Y ya que he nombrado las rosas, escucha un hecho histórico que
viene al caso.
Eliogábalo,
emperador romano, abrigando sospechas de que sus generales y cortesanos
intentaban traicionarle, pensó ganarles por la mano y castigarlos
terriblemente. Hechos los preparativos con la mayor cautela, los invitó a todos
a un magnífico convite. Al punto de levantar los manteles, cuando reinaba la
más franca alegría y las músicas tocaban las más regocijadas notas, he aquí una
grandísima sorpresa. ¡Se abren los artesonados de aquella gran sala, y desde lo
alto comienza a caer una dulcísima lluvia de rosas bellas, frescas y
perfumadas!
A
tal novedad, llega el colmo la alegría, toca hasta el extremo el delirio, todos
saltan de contento y gritan: ¡Viva Eliogábalo, viva el emperador! Y toman de
aquellas rosas, aspiran su perfume, las restregan por su cuerpo, y se
multiplican los aplausos y las vivas.
Entretanto
el emperador sale disimuladamente; se cierran herméticamente las puertas por
fuera y sigue y se acrecienta la lluvia, llega a ser molestísima, tanto que
cubre las mesas y los convidados, los cuales se desvanecen a causa del
asfixiante perfume buscan desahogo por todas partes, pero están cerradas las
puertas, las ventanas están altísimas y atrancadas con gruesos barrotes.
Comprendieron el engaño, aunque demasiado tarde, y todos hubieron de morir allí,
asfixiados por el perfume y por el peso de aquellas bellísimas rosas.

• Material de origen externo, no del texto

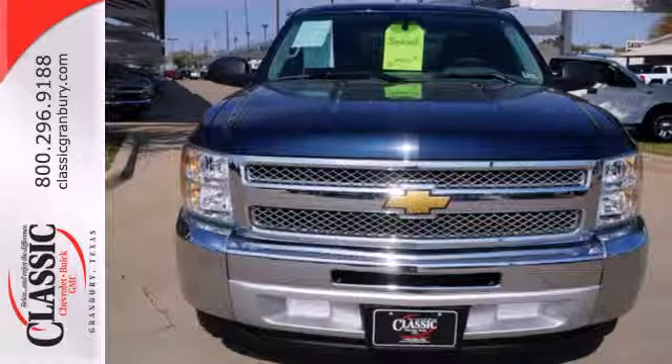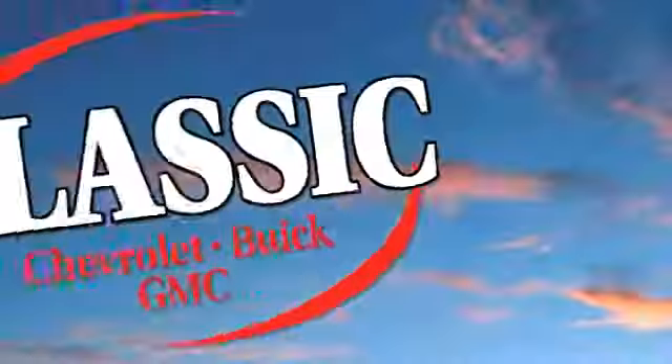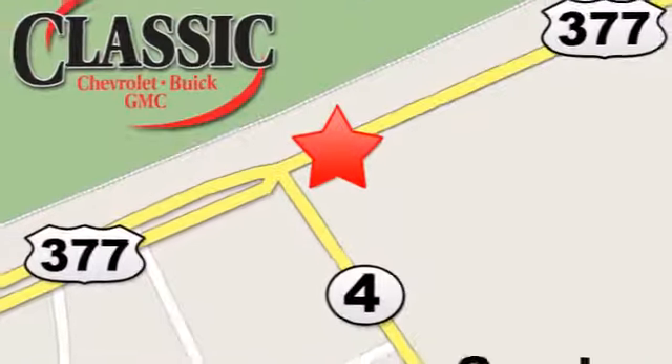Make this truck yours today and come in for a test drive. At family-owned Classic Chevrolet Buick GMC, car buying is fun again. We are conveniently located on East Highway 377 in Granbury.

D. — ¿Es ésta, Padre, la historia
lamentable de los que se entregan a los placeres de la impureza?
M.
—Tú lo has dicho. Desgraciados los jóvenes que, engañados por el perfume
lascivo y seductor de tales rosas, pasan sus más bellos años clamando: ¡amor,
amor! El amor, es decir, el vicio, se trocará presto en veneno que los
castigará terriblemente.
Murió
otro joven dado a la deshonestidad, y su cuerpo, horriblemente hinchado,
despedía tal hedor, que se le hubo de sacar de casa antes de tiempo. Los
compañeros más intrépidos no se atrevieron a llevarlo al cementerio, por el
nauseabundo hedor, y se tuvo que cargar sobre un carrito tirado por un jumento.

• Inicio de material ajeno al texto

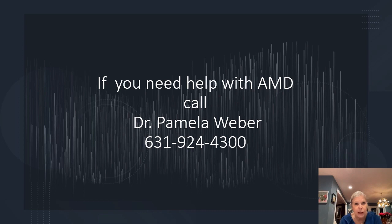So if you need help with your macular degeneration, I'd love to help you. Give me a call — Dr. Pamela Weber, 631-924-4300. Thank you.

El cuarto en que falleció se hubo de desinfectar varias veces antes de poderlo
volver a habitar.
Se
cuenta de una muchacha, habituada a cosas impuras, que habiendo muerto con una
muerte aparentemente cristiana, su madre y sus hermanas la vistieron de blanco,
la adornaron con flores y colocada sobre la cama, le pusieron un crucifijo en
las manos, para que como es costumbre, las compañeras pudieran verla por última
vez y rogar por ella.
Más
¡oh prodigio! Aquel crucifijo se escapó de sus manos y por más que se hizo por
sujetárselo entro las manos todo fue inútil; siempre se le encontraba caído
encima de la cama. Jesús no quería permanecer entre aquellas manos que habían
sido instrumentos de pecado.
D. —Espantoso es todo esto. Más ¿no tendrá
remedio alguno quien se haya habituado funestamente al pecado? ¿No habrá
esperanza de enmienda y corrección?
M.
—Hay manera de corregirse y enmendarse y consiste:
1°
En una voluntad absolutamente resuelta.
2°
En evitar y alejar las ocasiones.
3°
En la frecuencia de los sacramentos.
Pero,
más que nada, en una voluntad resuelta.